Russian President Vladimir Putin’s announcement of Russia’s annexation of four Ukrainian regions to its territory elevated the conflict in the region to a completely different level.
This step, although expected, has placed everyone against unprecedented challenges, opening the doors to a bloody conflict that may extend to future generations.
The main reason for the Russian president’s annexation of these areas was the losses suffered by his forces in the field in September, as the Ukrainian counterattack captured more than 3,000 square miles in just weeks.
The counterattack forced Russian forces to withdraw from the Kharkiv region after they had promised the local population that “Russia is here to stay forever.”
The annexation of these regions serves as a halt to the Russian retreat on the battlefield. By declaring these Ukrainian lands as part of Russia, Moscow is threatening a crushing response, including a possible nuclear attack as part of a defensive war, unless Ukraine halts its efforts to liberate its territory.
From the Russian point of view, the counterattack of Ukrainian forces in Kharkiv was a “direct blow from the West against Russia.” Everyone knows that this attack was organised and prepared by the military command of the US and NATO and was carried out under their direct supervision.
This was done not only through the use of NATO military equipment, but also through the direct participation of Western military space intelligence, mercenaries, and trainees.
Contrary to what the Russian side says, Ukraine and the West described the whole thing as a coercive and illegal measure aiming to create a legal pretext to annex the four regions of Russia.
Ukrainian President Volodymyr Zelensky described the process as a farce in the occupied territories that cannot even be described as a simulation of a referendum.
US Ambassador to the UN Linda Thomas Greenfield said during a Security Council meeting that her country would present a resolution in the council urging member states not to recognise any change in Ukraine’s status, obligating Moscow to withdraw its forces.
Russia can, of course, veto any resolution, but the US envoy said that would prompt Washington to refer the issue to the UN General Assembly.

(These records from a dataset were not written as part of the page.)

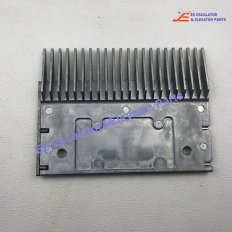 Escalator PX12161 Comb Plate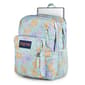 JanSport&#174; Big Student Faded Floral Backpack - image 6
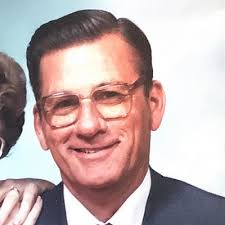 New Plymouth Idaho Community Happenings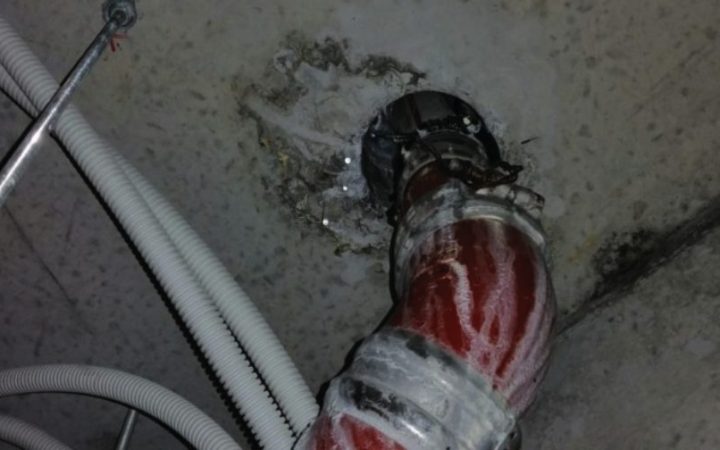 resim_2023-12-04_124330783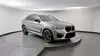 Florida Fine Cars - Used BMW X4 M 2020 WEST PALM COMPETITION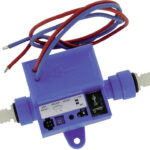 Barwig Typ 04 539090 recenze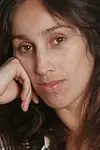 Актриса Мануэла Оярсун — превью фото персоны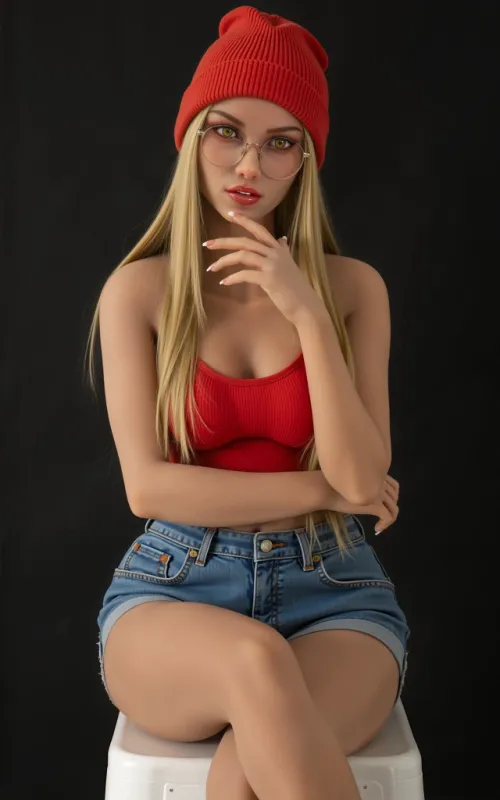 Polina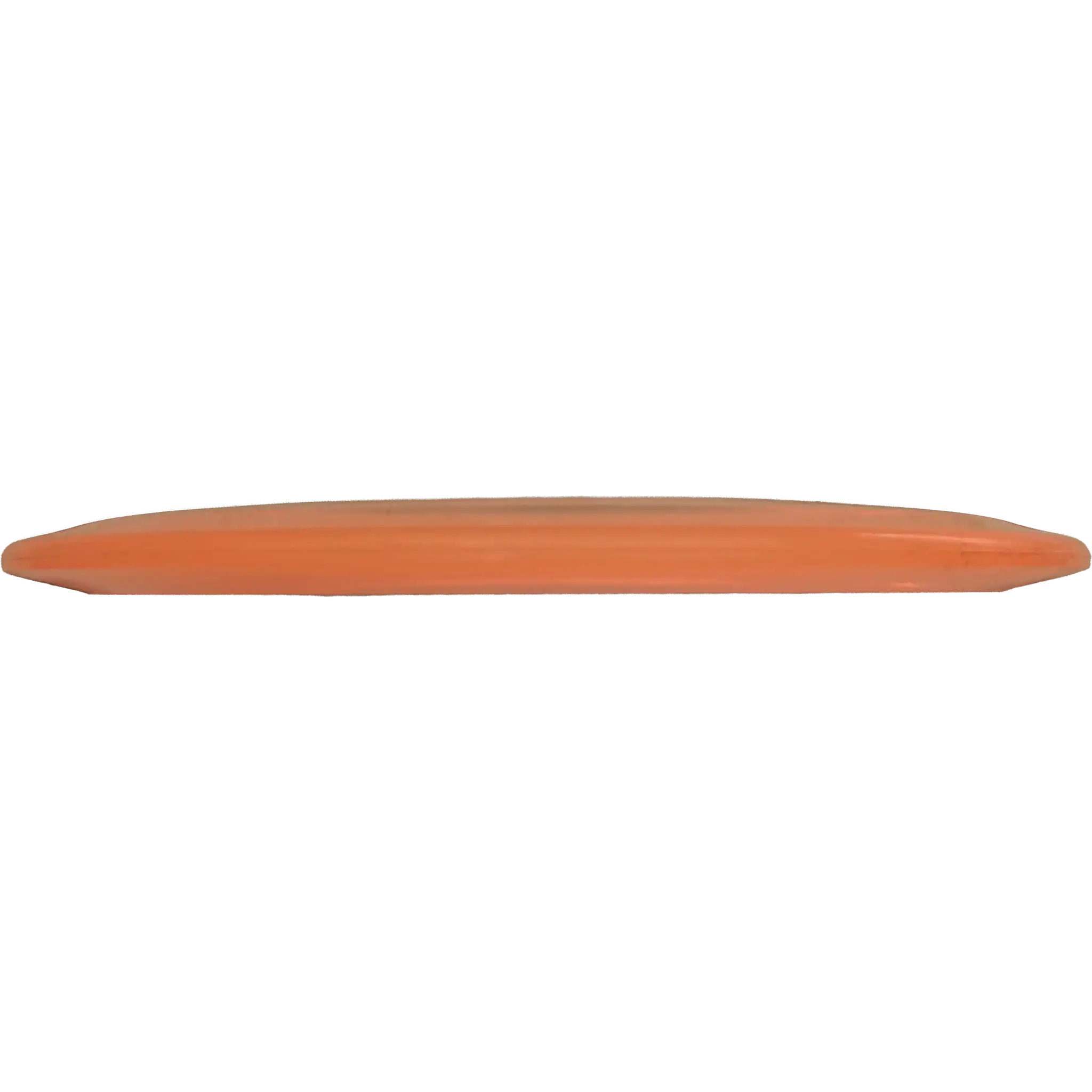 400 F7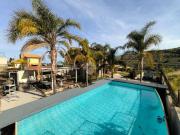 Villetta bifamiliare in vendita di 90 m²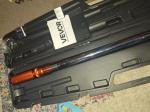 3/4" Torgue Wrench 5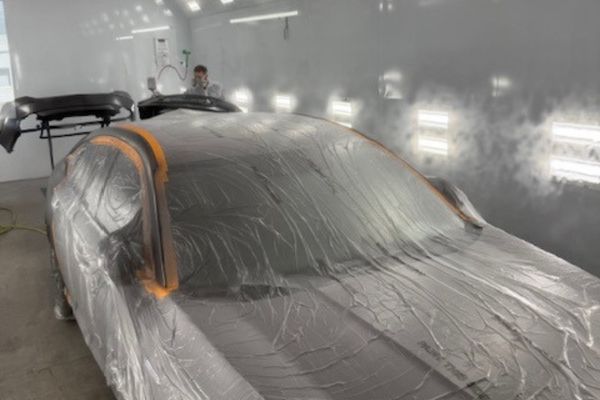 custom-paint-refinishing-in-millville-utah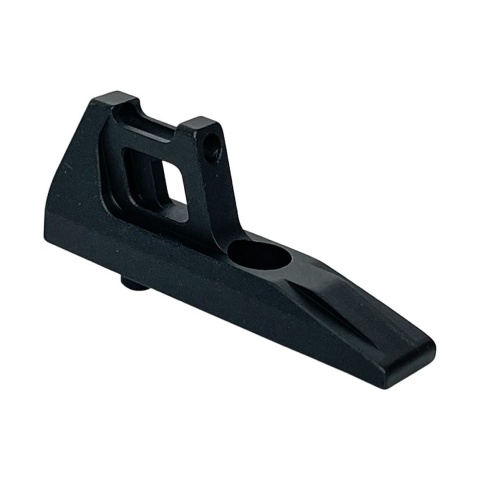 CTM TAC AAP-01 Ghost Ring V2 - (Black)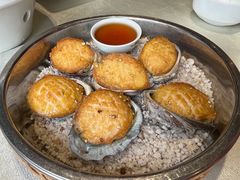 -味可道美食坊(福基路店)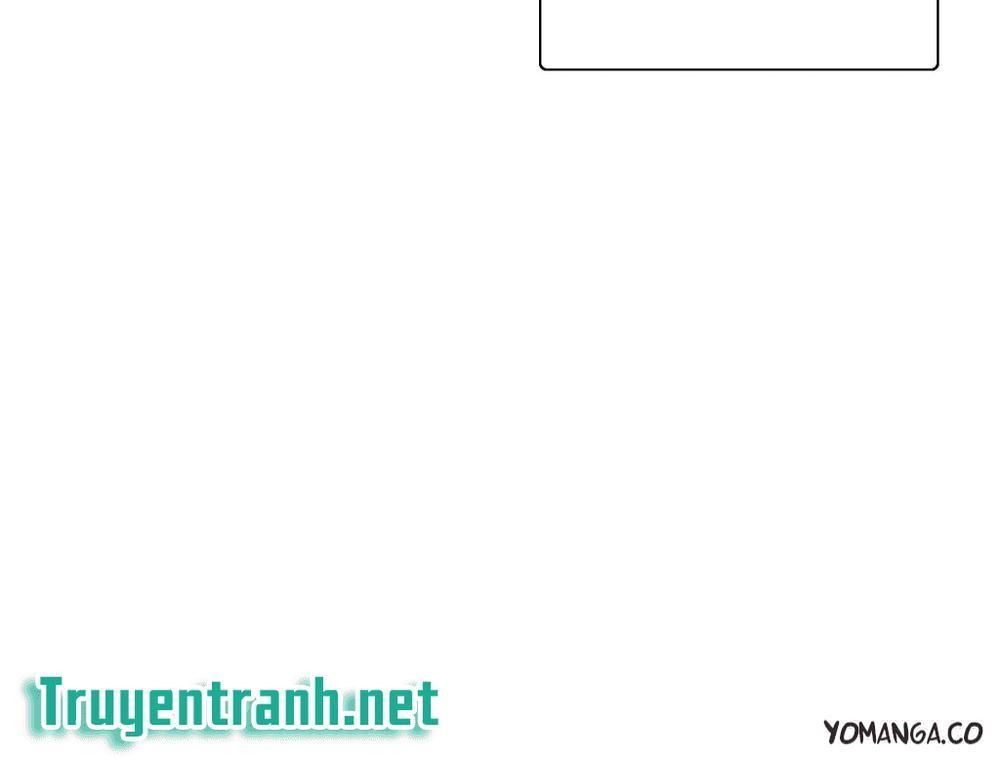 đọc truyện Nhóm Học Làm Tình Chương 38 ảnh 49 tại Giả Dược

America, in turn, is trying to create an anti-Russian momentum, declaring that the G7 will impose immediate sanctions on any country seeking to recognise the Russian move.
But what comes after the annexation? Putin and other senior officials have indicated that they will begin to treat attacks on annexed areas as attacks on sovereign Russian territory.
Russia has previously accused Ukraine of carrying out cross-border strikes during the war on the Belgorod region and the Russian air base in occupied Crimea, which Moscow claims as its sovereign territory. However, Moscow now says it is serious and is threatening to escalate.
In terms of military operations, Russia may start targeting more population centres and government buildings with its missiles. Moscow may also, most likely, begin conducting nuclear exercises or even tactical nuclear strikes to intimidate the West. It might even rush troops to the front to maintain ranks and prevent Russia from losing more territory to the Ukrainian counterattack. At home, Russia may also close borders or impose martial law in some areas.
At this point, the question will be, “How can the West respond?”
Ukraine has said that it will not accept Russian nuclear blackmail and is determined to liberate all the territories occupied by Russia since the beginning of the war. Western officials agreed, saying they had issued very stern warnings to the Kremlin not to escalate this conflict through the use of powerful weapons, including the nuclear option.
This is generating incredible uncertainty in the days ahead.
“This is not a hoax,” Putin said, when making his threat directly. It may be a bluff, but the Russian president will be hard-pressed to keep the land he has seized.
In the long term, Putin appears to have the same goal — political control of Ukraine. While he said before the war that he wanted security guarantees that NATO would not expand, it is now clear that he seeks to change the political map in Europe and reassert Russia’s Cold War era power.